Es gab eine Zeit, da gehörte Marc Chagall zu den „Posterboys“ der Weltkunst: International hoch angesehen, wurde er auf das Format eines Plakates an der Wohnzimmerwand reduziert. Das Schicksal, das ebenso Dalí oder Miró traf und mit der Eingängigkeit, der Leuchtkraft und motivischen Attraktivität ihrer Malereien zusammenhing, ist gottlob Vergangenheit; bei Chagall hängt die Bekanntheit noch mit seinen Glasfenstern und Illustrationen zur Bibel zusammen.
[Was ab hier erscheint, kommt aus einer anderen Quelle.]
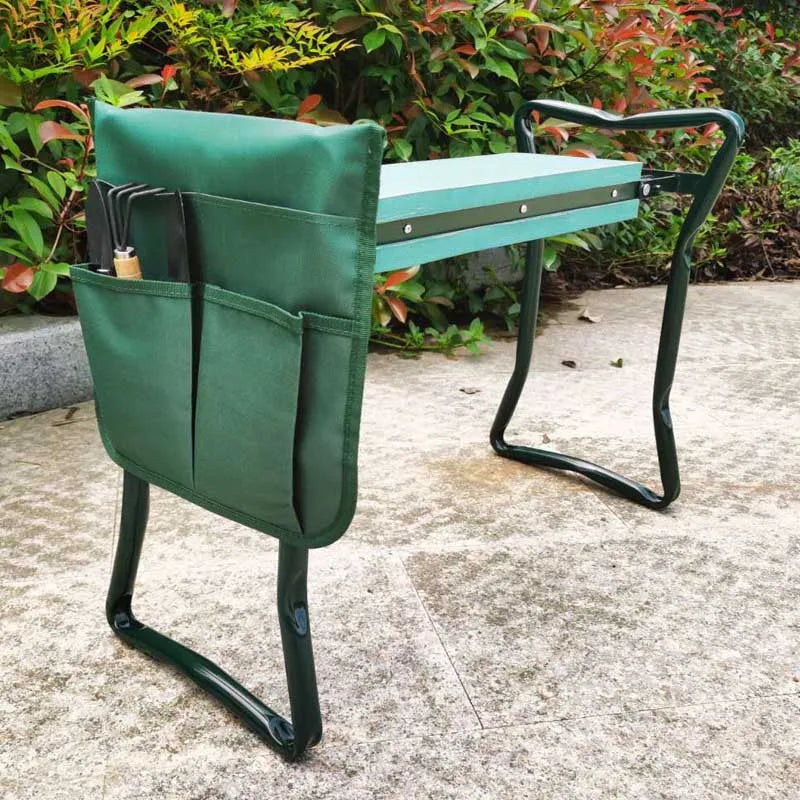 A dark green heavy duty foldable garden kneeler seat with a tool pouch and metal frame sitting on concrete.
Die Kunstsammlung am Grabbeplatz in Düsseldorf zeigt nun, in einer Übernahme aus der Wiener Albertina, mit das Beste von Chagall. Zu seinem 40. Todesjahr hebt sie nicht so sehr das populäre Spätwerk mit den schwebenden Liebespaaren, den Mischwesen und Blumensträußen hervor, die Liebe und Freiheit symbolisieren, sondern widmet sich vor allem den 1910er- und 1920er-Jahren, in denen Chagall seine Bildsprache in Paris und seiner Heimatstadt Witebsk entwickelt hat. Geboren 1887 im damaligen Russland, kommt Chagall 1911 zum Studium der Malerei nach Paris. 1914 kehrt er nach Witebsk zurück, wo er infolge des Weltkriegs bis 1922 bleibt und erst gefeiert und dann von der Staatsdoktrin abgelehnt wird. Durchgehend prägen seine biographischen Erlebnisse mit den jüdischen Bräuchen und Erzählungen, dem dörflichen Leben und den Nutztieren, den Gauklern und Musikern sein Werk. In Paris übersetzt er sie, beeinflusst vom Fauvismus und Kubismus, in eine Flächengliederung rein farbiger Partien bei gleichzeitiger Plastizität der Figuren. Die Größenverhältnisse verselbstständigen sich, Räume kippen, Menschen und Tiere schweben auf Dächern. Alles ist rätselhaft und poetisch. Zugleich steht Chagall für das Schicksal jüdischer Künstler und Künstlerinnen in der ersten Hälfte des 20. Jahrhunderts: Nach dem Ersten Weltkrieg findet er sein Atelier in Paris zerstört vor, im Zweiten Weltkrieg flieht er in die USA – und immer muss er sich seine Existenz neu aufbauen. Erst später, in Südfrankreich, kommt er zur Ruhe. Er versteht sich mit seinem Werk nun mehr denn je als Botschafter für den Frieden und die Liebe unter den Menschen. Fabelhaft, Chagall jetzt so feinfühlig gewürdigt zu sehen!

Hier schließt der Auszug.